15. Adjustments and Other Rights. The Exercise Price, the Mandatory Exercise Price and the number of Shares issuable upon exercise of this Warrant shall be subject to adjustment from time to time as follows; provided that if more than one section or subsection of this Section 15 is applicable to a single event, the section or subsection shall be applied that produces the largest adjustment and no single event shall cause an adjustment under more than one section or subsection of this Section 15 so as to result in duplication.
(a) Stock Splits, Subdivisions, Reclassifications or Combinations.

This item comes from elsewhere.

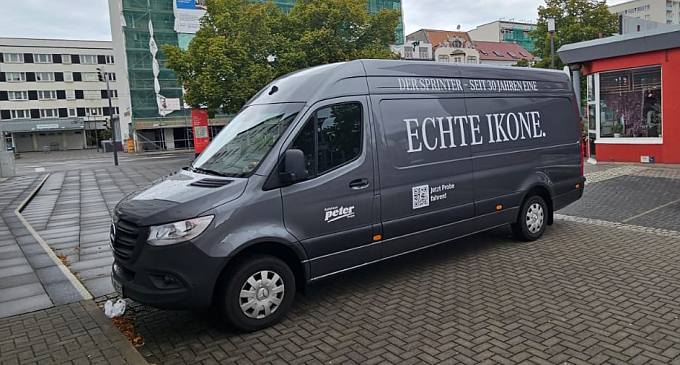 Bild von einem grauen Sprinter der beim CityRun als Stra&szlig;ensperre diente.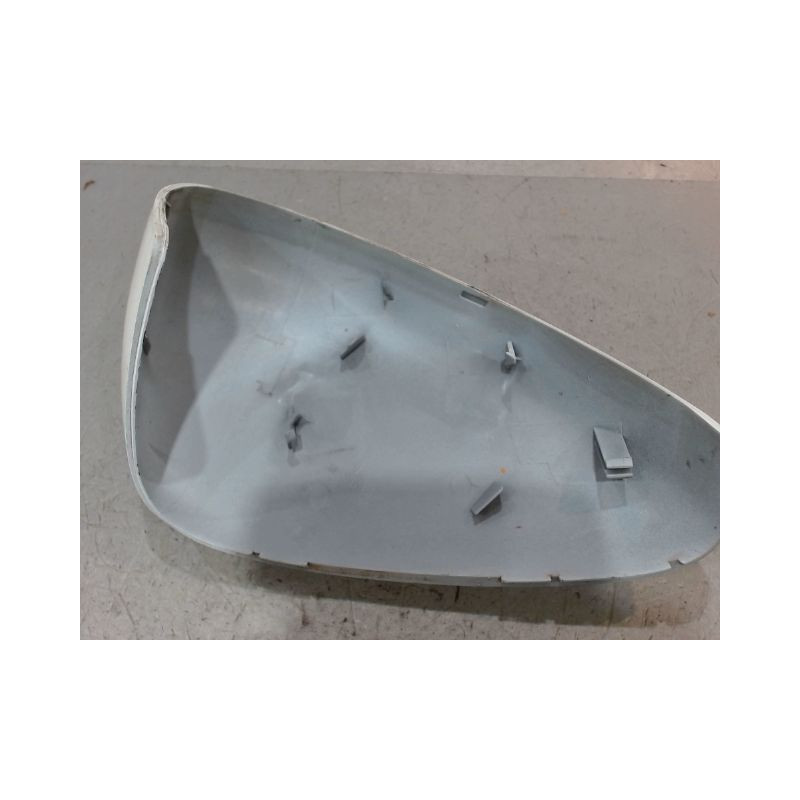 CARENAGE RETROVISEUR EXTERIEUR GAUCHE CITROEN C3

If the Company shall (i) declare, order, and pay or make a dividend or make a distribution on its Common Stock payable in shares of Common Stock (which shall not include any shares of Voting Common Stock issued by the Company upon exercise of this Warrant), (ii) split, subdivide or reclassify the outstanding shares of Common Stock into a greater number of shares or (iii) combine or reclassify the outstanding shares of Common Stock into a smaller number of shares, in each case, then the number of Shares issuable upon exercise of this Warrant at the time of the record date for such dividend or distribution or the effective date of such split, subdivision, combination or reclassification shall be proportionately adjusted so that the Warrantholder immediately after such record date or effective date, as applicable, upon exercise of this Warrant, shall be entitled to purchase the number of shares of Voting Common Stock which such holder would have been entitled to receive in respect of the Shares after such date had this Warrant been exercised in full immediately prior to such record date or effective date, as applicable. In such event, the Exercise Price and Mandatory Exercise Price in effect at the time of the record date for such dividend or distribution or the effective date of such split, subdivision, combination or reclassification shall be adjusted to the number obtained by dividing (x) the product of (1) the number of Shares issuable upon the exercise of this Warrant before such adjustment determined pursuant to the immediately preceding sentence, multiplied by (2) the Exercise Price or Mandatory Exercise Price (as applicable) in effect immediately prior to the record or effective date, as applicable, with respect to the dividend, distribution, split, subdivision, reclassification or combination giving rise to this adjustment by (y) the new number of Shares issuable upon exercise of this Warrant in full determined pursuant to the immediately preceding sentence.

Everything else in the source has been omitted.